Probably one of my top 5 favorite meals is risotto. I’m not sure why I love it so much, possibly because its nice and creamy and has a good texture (most of the time). The best risotto I’ve ever had to this day has got to be the shrimp risotto from the Infinity Restaurant at Oyster Bay Resort in St. Maarten. We had such travel issues just getting to the island and arrived 5 minutes before the restaurant closed. Feeling our pain and seeing how exhausted we were, they graciously kept the kitchen open for us. Originally the risotto was lobster, but they ran out of lobster and asked if shrimp would be ok. Beggars can’t be choosers and at this point I was begging for anything that didn’t come in a snack sized bag. All I remember was that once I was done with dinner, I wanted more. I ordered it again the next night and tried again before we left but it wasn’t on the menu anymore, which was a bummer. It was so good I took a picture a picture of it, though the picture doesn’t do it justice at all, especially in the styrofoam container its in. I should try to recreate this meal, I’m sure it won’t be the same, but who knows, it might be even better! (I doubt it). Man, I could really go for some now, I wonder if they would deliver….
I’ve done risotto recipes before, always hovering around the stove, stirring every so many minutes after adding the hot chicken broth. It’s time-consuming but worth it. The risotto I made last night was done in the oven, sounds crazy, I know, but it’s pretty easy. I still like the stove top method better, but if you really want risotto and don’t want to bother with the stirring, try the oven method.
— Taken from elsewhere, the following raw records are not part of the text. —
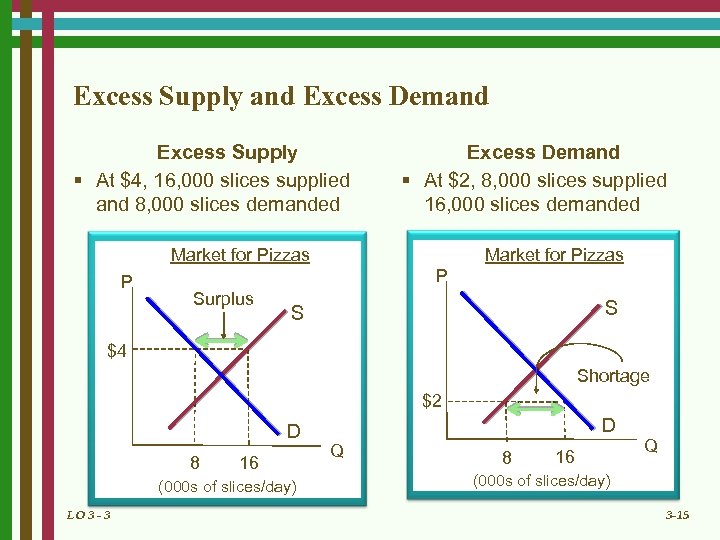 Excess Supply and Excess Demand Excess Supply § At $4, 16, 000 slices supplied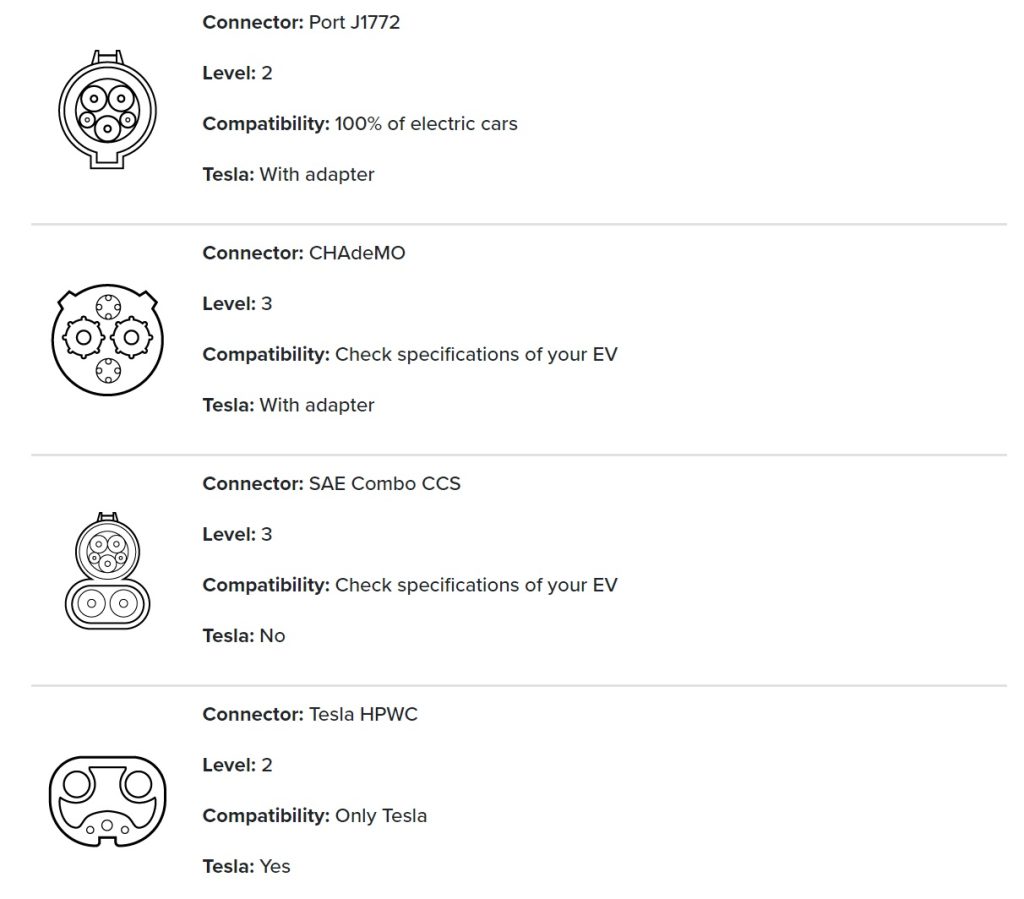 Are all EV Charging Plugs the Same
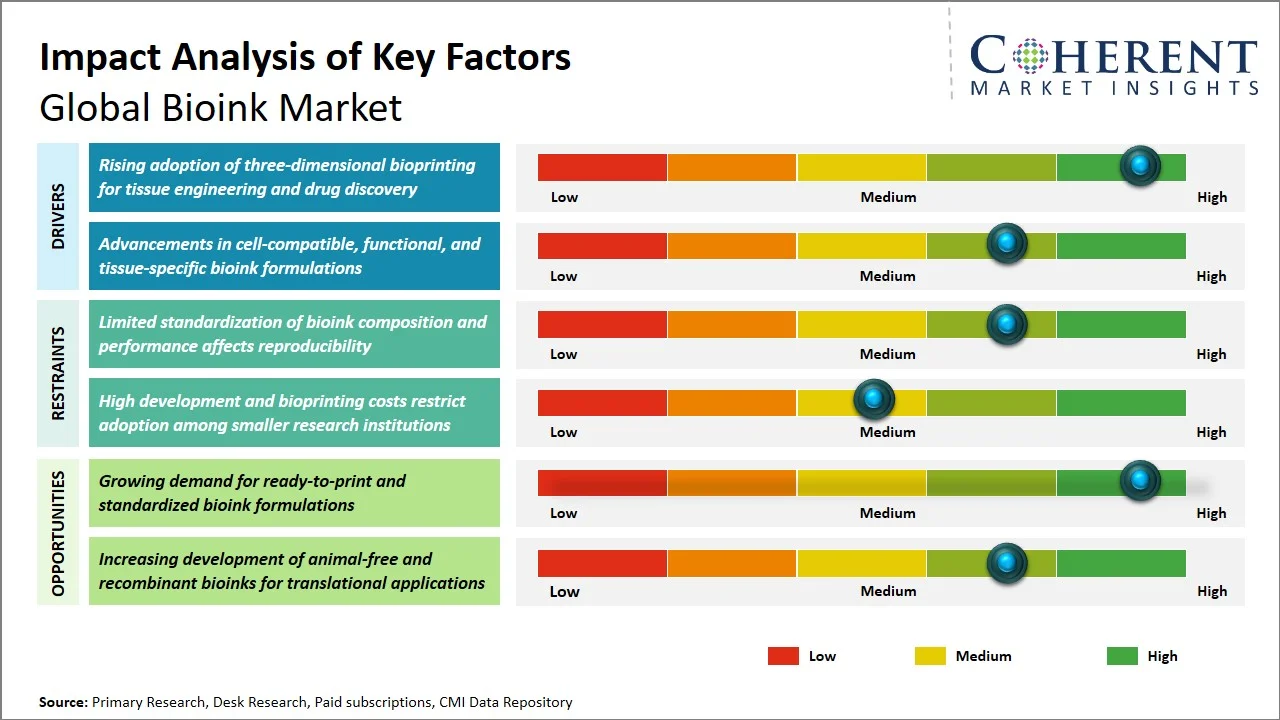 Bioink Market Key Factors Bioink Market Key Factors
Here’s Giada’s Chicken Round 2 Recipe:
Risotto with bacon and kale ( Courtesy of Giada De Laurentiis)
4 slices bacon, chopped coarsely
1 large onion, chopped
1 teaspoon kosher salt
1/2 teaspoon freshly ground black pepper
1 cup arborio rice
3 cups low-salt chicken broth, plus 1/4 to 1/2 cup
3 tablespoons fresh lemon juice (about 1 large lemon)
3 medium curly kale leaves, stemmed and chopped into 1-inch pieces (about 3 cups)
3/4 cup diced leftover chicken (from roasted chicken with root vegetables)
1 roasted carrot, chopped (from roasted chicken with root vegetables)
1 roasted parsnip, chopped (from roasted chicken with root vegetables)
1 roasted shallot, chopped (from roasted chicken with root vegetables)
1/2 cup freshly grated Parmesan cheese
Place a rack in the center of the oven. Preheat the oven to 425 degrees F.
In a large heavy saucepan or braising pan, cook the bacon over medium-high heat until crisp, about 8 to 10 minutes. Using a slotted spoon, remove the bacon and drain on paper towels.
Add the onion, 1 teaspoon salt and 1/2 teaspoon pepper. Reduce heat to medium-low and cook until tender, about 5 minutes. Add the rice and stir for 2 minutes. Add 3 cups broth and lemon juice. Increase the heat and bring the mixture to a boil, stirring occasionally. Cover with a tight lid and bake for 20 to 25 minutes.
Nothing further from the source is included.